Activity:
Reproduce word for word the lines between those holding "Un produit offre" and "Mẫu được xử", inclusive, and nothing else from the data below.

Material for this exercise:
+ + + + + + +
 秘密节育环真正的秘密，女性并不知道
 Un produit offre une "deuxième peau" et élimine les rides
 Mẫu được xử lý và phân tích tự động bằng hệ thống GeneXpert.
+ + + + + + +
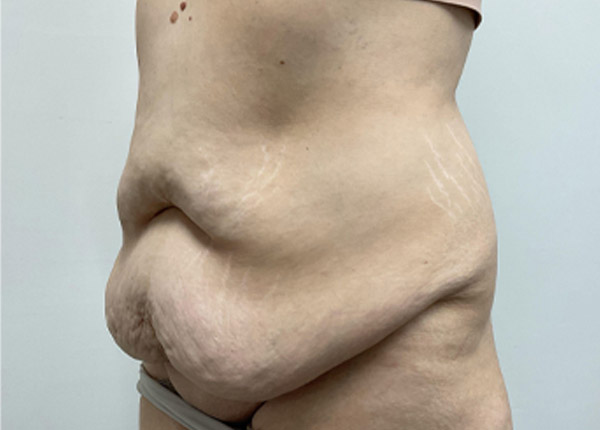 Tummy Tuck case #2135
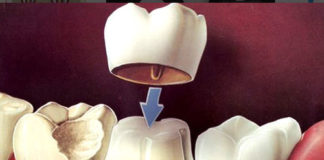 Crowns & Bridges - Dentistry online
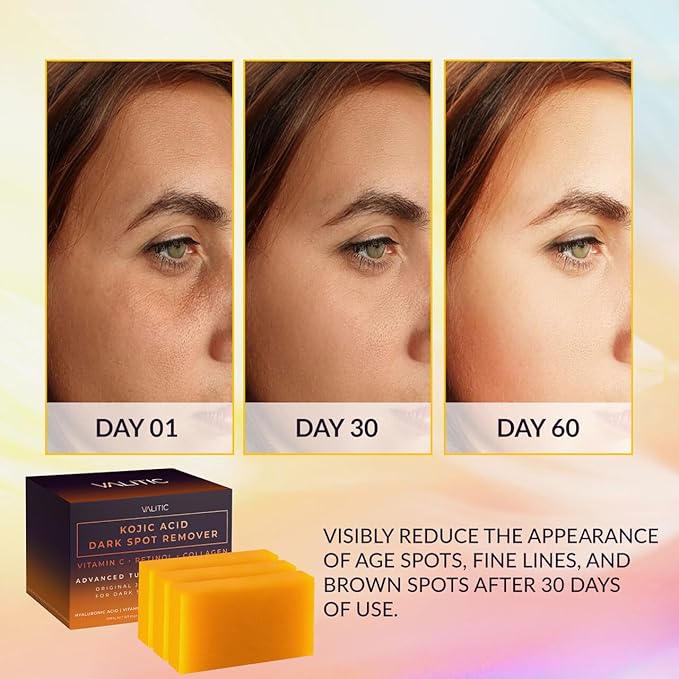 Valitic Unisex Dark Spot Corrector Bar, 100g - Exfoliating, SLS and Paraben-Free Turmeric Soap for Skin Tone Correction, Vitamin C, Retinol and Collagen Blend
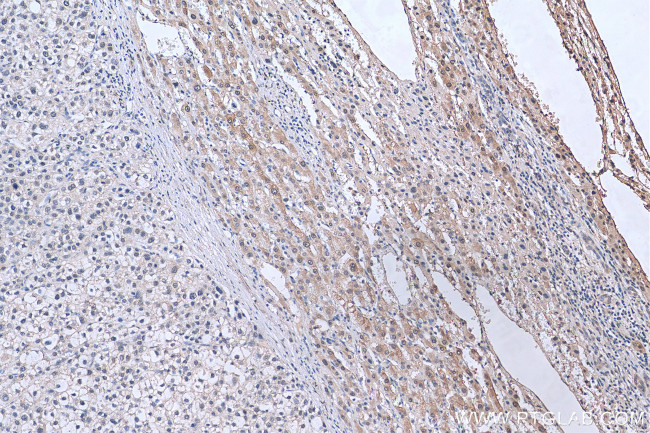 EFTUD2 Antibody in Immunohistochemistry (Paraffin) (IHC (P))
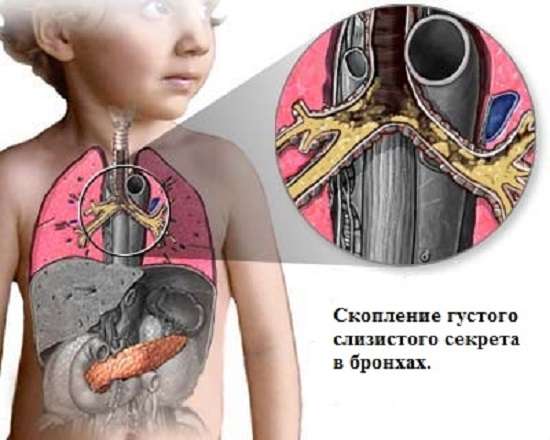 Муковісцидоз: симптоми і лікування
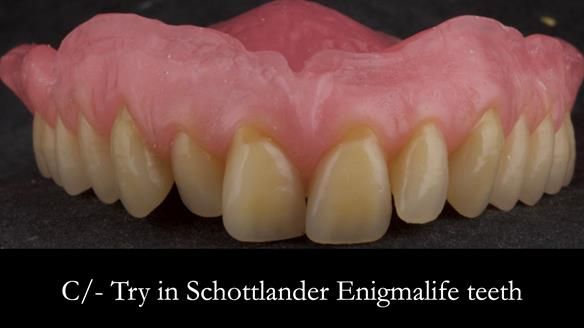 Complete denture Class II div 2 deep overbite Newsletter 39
+ + + + + + +
The completed task:
 Un produit offre une "deuxième peau" et élimine les rides
 Mẫu được xử lý và phân tích tự động bằng hệ thống GeneXpert.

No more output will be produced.